The 10 most polluted places on earth
Shanghai earned some unwanted media coverage recently when photos of the smog-ridden air went viral on the Internet. People were stunned by images of the alarmingly opaque air, and rightfully so.
So would you believe that Shanghai doesn’t even crack the top ten on a list of the most polluted places in the world?
The New York-based Blacksmith Institute and a nonprofit in Switzerland called the Green Cross collaborated on a recent report highlighting the planet’s pollution losers.
The list received fairly widespread coverage, including a feature in Fast Company. Here are the top 10, along with the primary pollution culprit(s) and the number of people affected:
Number 1

From Blacksmith Institute.
Where: Agbogbloshie, Ghana
Culprit: Lead
People affected: Up to 40,000
Number 2

From Blacksmith Institute.
Where: Chernobyl, Ukraine
Culprit: Radioactive dust including uranium, plutonium, cesium-137, strontium-90, and other metals
People affected: Up to 10 million
Number 3

From Scientific American.
Where: Citarum River, Indonesia
Culprit: Lead, cadmium, chromium, pesticides, and other chemicals
People affected: 500,000+ directly; up to 5 million indirectly
Number 4

From elzadj.
Where: Dzerzhinsk, Russia
Culprit: Chemicals and toxic byproducts from chemical manufacturing processes
People affected: 300,000
Number 5

From Blacksmith Institute.
Where: Hazaribagh, Bangladesh
Culprit: Chromium
People affected: 160,000
Number 6

From DON PUGH.
Where: Kabwe, Zambia
Culprit: Lead
People affected: More than 300,000
Number 7

From Earth Day Network.
Where: Kalimantan, Indonesia
Culprit: Mercury and cadmium
People affected: More than 225,000
Number 8

From News Agency.
Where: Matanza Riachuelo, Argentina
Culprit: Volatile Organic Compounds, including toluene
People affected: More than 200,000
Number 9

From Terry Whalebone.
Where: Niger River Delta, Nigeria
Culprit: Petroleum
People affected: “No one agrees on how many people are affected,” reports Fast Company
Number 10

From dustyclub.
Where: Norilsk, Russa
Culprit: Copper, nickel oxide, and other heavy metals
People affected: 135,000
A lot of people will read this list and breathe an unpolluted sigh of relief because perhaps none of these places were high on their “Must Visit” list.
Here’s the thing: that may be true, but even if you never set foot in Norilsk or Agbogbloshie or any of the other places on the list, there are still upwards of 17 million people who live with this threat every day and don’t have the luxury of heading home to a safer place.
That’s why this matters to all of us.
We might pay more attention to smog in Shanghai than cadmium in Kalimantan, but our attention might be misdirected.

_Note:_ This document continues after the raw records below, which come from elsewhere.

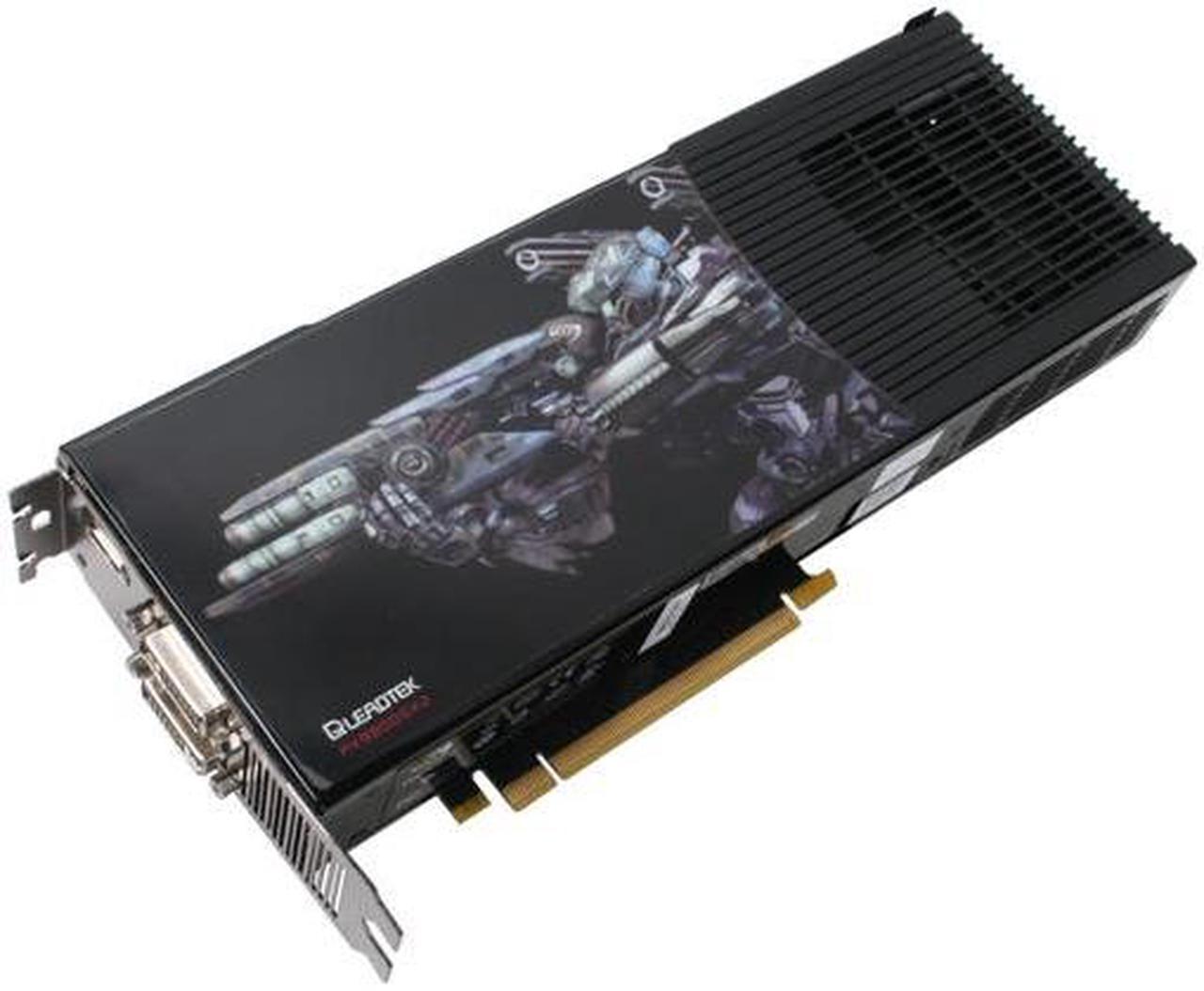 Main image of Leadtek GeForce 9800 GX2 1GB GDDR3 PCI Express 2.0 x16 SLI Support Video Card PX9800GX2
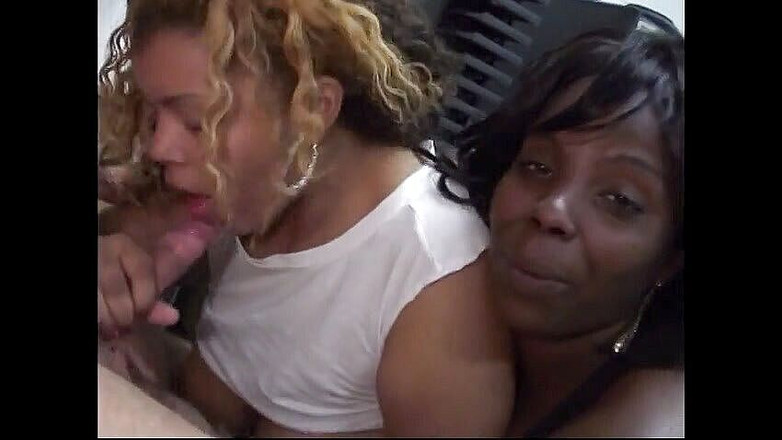 Hot Sex Party: Big booty babes eat hard cock and then gets jizzed...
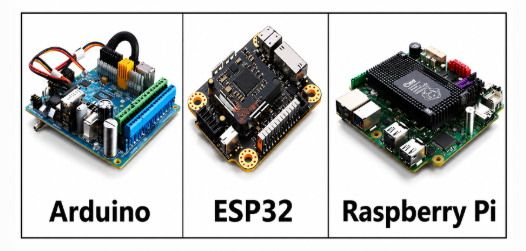 Popular embedded system platforms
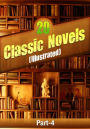 20 Classic Novels (Illustrated) Part-4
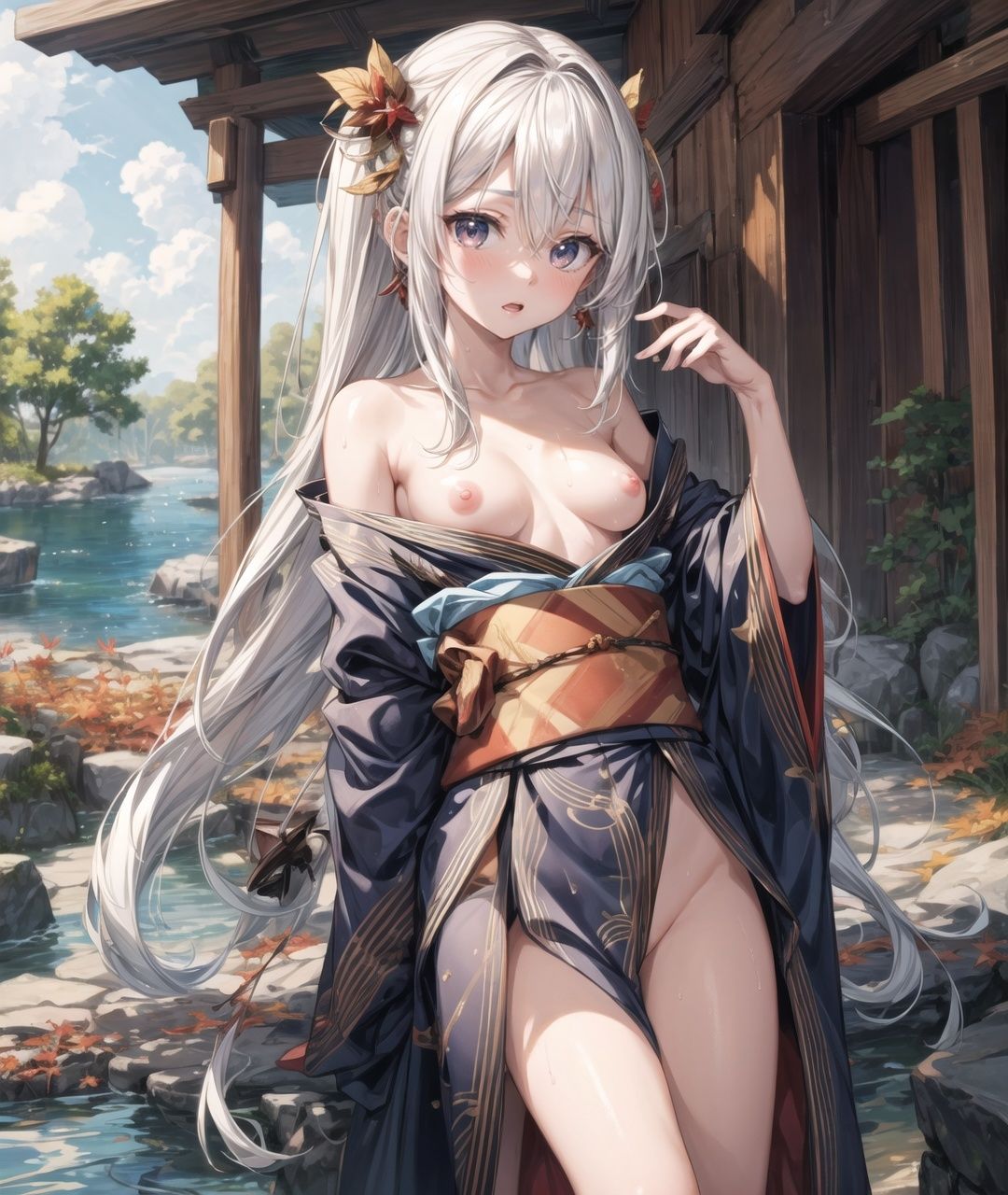 四季織々美少女〜華麗〜 サンプル8ページ目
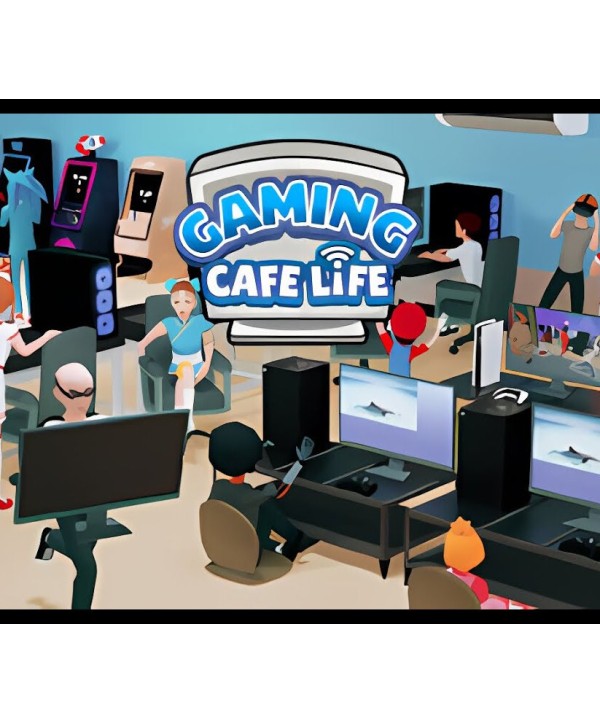 Gaming Cafe Life Steam Key GLOBAL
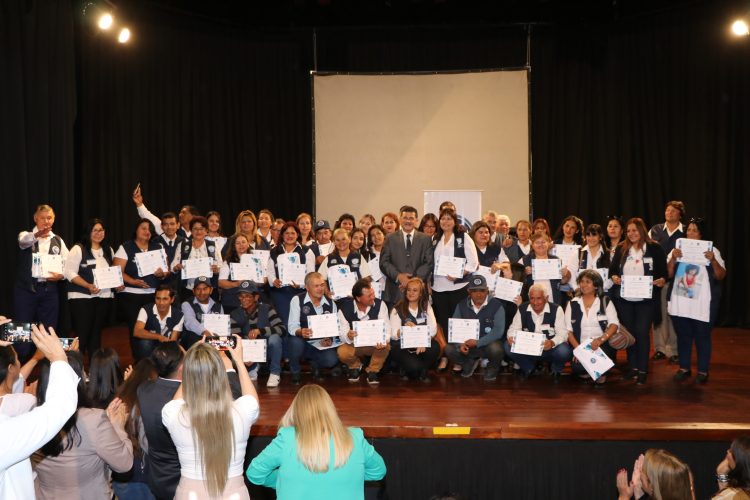 La Justicia brindó un reconocimiento a los facilitadores de toda la provincia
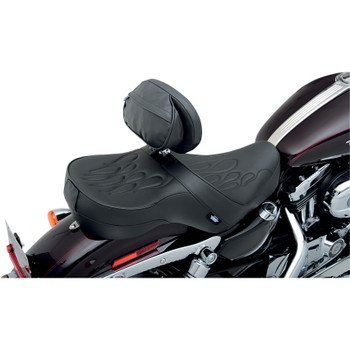 Drag Specialties "The Converible" EZ Glide II Large Backrest Drag Specialties "The Converible" EZ Glide II Large Backrest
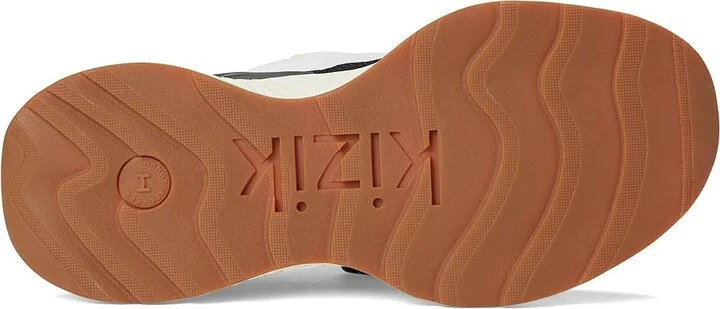 KIZIK Monaco Hands-Free Women's Shoes White/Black : 9.5 M - Image 3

As Fast Company reports, “Blacksmith/Green Cross says it chose the top 10 for ‘severity of their risk to health.'”
In other words, these threats are real, and they are acute. The report notes that while more press inches and funding are given to “highly publicized health problems such as malaria and tuberculosis,” they find toxic pollution to be an “equivalent” threat due to the “strikingly high number of people at risk.”
The next time you’re annoyed that your cubicle-mate didn’t properly sort his recycling, you can: a) educate him, and b) feel fortunate that you aren’t facing more imminently lethal environmental issues in your cubicle, such as radioactive dust.